One year ago this week, on March 9, 2009, the Standard & Poor’s 500 hit a 12-year low of 672.88 as it reached its lowest point during the most recent economic recession. Since that time, the S&P 500 is up 69%. The Dow Jones Industrial Average and the NASDAQ, of course, witnessed a similarly resilient rebound. Black Enterprise called on a handful of financial experts to find out why the market has bounced back so powerfully, whether the rally can continue, and how investors should proceed in the coming year.
Wayne P. Weddington III, portfolio manager and managing partner at Brunswick Capital Partners. Author of Do-it-Yourself Hedge Funds (Hachette; $24.99).
The reason for the rally:
I think a lot of the market activity in the last 12 months has been speculation. We’ve also had a tremendous collapse in market fundamentals. I am personally one of the people that think it is overshot. There is a lot of uncertainty in the market. We have a lot of exogenous activity.

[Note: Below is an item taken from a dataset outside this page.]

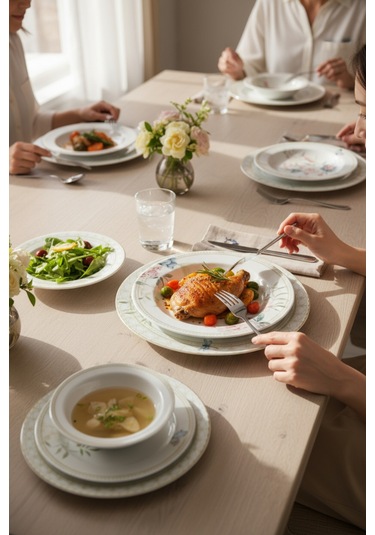 Akayev Porselen Fiorina 24 Parça Yemek Takımı Beyaz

The word on the street [is] that people have really been trading technicals because the fundamentals haven’t really taken strong direction. [This means people are buying] more in terms of price action. If you are a speculative investor, the market rallies and you want to participate and it becomes a self feeding proposition. No one wants to be [the one who didn’t get in on the market action].
Predictions for the coming year:
The Fed … knows interest rates will increase. They are walking a very delicate line. Rates will continue to inch up slowly as they get evidence that the economy is [improving] I think what they did do was truly avert a [crisis].
Advice to investors:
Buy on a sector basis. Some of them make fundamental sense. Capital goods will continue to perform. Technology will continue to market perform or better because even in difficult economic times people still want their iPods. Consumer noncyclicals will continue to perform. It has been a standout at about 22%. To short the market against it would be a profitable trade.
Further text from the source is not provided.